Mahalnya harga tiket pesawat membuat pemudik lintas pulau harus putar otak untuk mudik ke kampung halaman. Sebut saja Salman, pria Aceh yang bekerja pegawai negeri sipil di Ambon, Maluku ini akhirnya memilih singgah ke negeri jiran, Malaysia.
Telah empat tahun merantau, ini adalah kali pertama Salman melakoni rute janggal, yakni Ambon-Jakarta-Kuala Lumpur-Aceh. Ia akan berangkat dari Ambon dengan Batik Air pada 25 Juni 2019, lalu bermalam di Jakarta.
Keesokan harinya, ia akan menumpang AirAsia ke Kuala Lumpur, baru melanjutkan penerbangan dengan maskapai yang sama ke Aceh. “Benar-benar hanya singgah dua jam di bandara,” ujarnya, Selasa (14/5).
Lalu, berapa yang dihematnya dengan rute tersebut? Menurutnya, total biaya yang dihabiskannya dari Ambon ke Aceh sekitar Rp 4,5 juta. Dia mengaku selisih bisa sampai Rp 1,3 juta daripada tiket tanpa transit di Kuala Lumpur.
Padahal tahun lalu, untuk mudik dengan rute Ambon-Jakarta-Aceh, Salman hanya merogoh kocek Rp 3,5 juta. Jadi, bisa dikata kenaikan biaya untuk mudik kali ini cukup signifikan, sehingga ia memilih untuk mengambil rute singgah di Kuala Lumpur terlebih dahulu.
(Baca: Tarif Batas Atas Tiket Turun, Perusahaan Penerbangan Terancam Tertekan)
Dwi Riyanto juga mengalami perubahan susana mudik lebaran ke kampung istrinya di Surabaya yang biasanya menggunakan pesawat. Mahalnya tiket pesawat membuat dia memikirkan moda transportasi lain.

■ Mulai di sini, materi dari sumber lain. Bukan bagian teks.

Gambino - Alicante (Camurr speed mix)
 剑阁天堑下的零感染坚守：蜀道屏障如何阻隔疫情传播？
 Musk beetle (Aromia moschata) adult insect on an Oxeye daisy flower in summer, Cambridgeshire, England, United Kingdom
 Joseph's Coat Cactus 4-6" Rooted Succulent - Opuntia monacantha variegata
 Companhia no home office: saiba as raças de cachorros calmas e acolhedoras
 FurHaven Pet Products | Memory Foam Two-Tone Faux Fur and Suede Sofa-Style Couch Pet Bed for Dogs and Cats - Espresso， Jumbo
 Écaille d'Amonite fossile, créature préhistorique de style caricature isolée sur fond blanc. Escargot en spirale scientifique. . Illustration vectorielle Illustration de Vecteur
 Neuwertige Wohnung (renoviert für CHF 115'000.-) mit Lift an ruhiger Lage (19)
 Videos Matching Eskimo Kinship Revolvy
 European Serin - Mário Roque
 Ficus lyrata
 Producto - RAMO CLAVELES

Maskapai low cost carrier (LCC) atau maskapai penerbangan murah, seperti Lion Air biasanya mematok harga tiket terendah di kisaran Rp 750 ribu. Namun, untuk h-4 Lebaran harga tiket melonjak sampai Rp 1,3 juta atau Rp 2,7 juta untuk tiket pulang pergi. Harga ini ia katakan belum termasuk bagasi.
Jika berangkat dengan istri dan anaknya, Dwi harus merogoh minimal Rp 8,1 juta untuk tiket pesawat saja. Padahal biasanya budget untuk tiket pesawat tak sampai Rp 6 juta untuk tiga orang.
"Saya mudik selalu ketika hari Lebaran untuk penerbangan sore, hari-H itu harga paling murah dalam rentang bulan ramadan seharga Rp 600 ribu untuk satu orang," kata Dwi.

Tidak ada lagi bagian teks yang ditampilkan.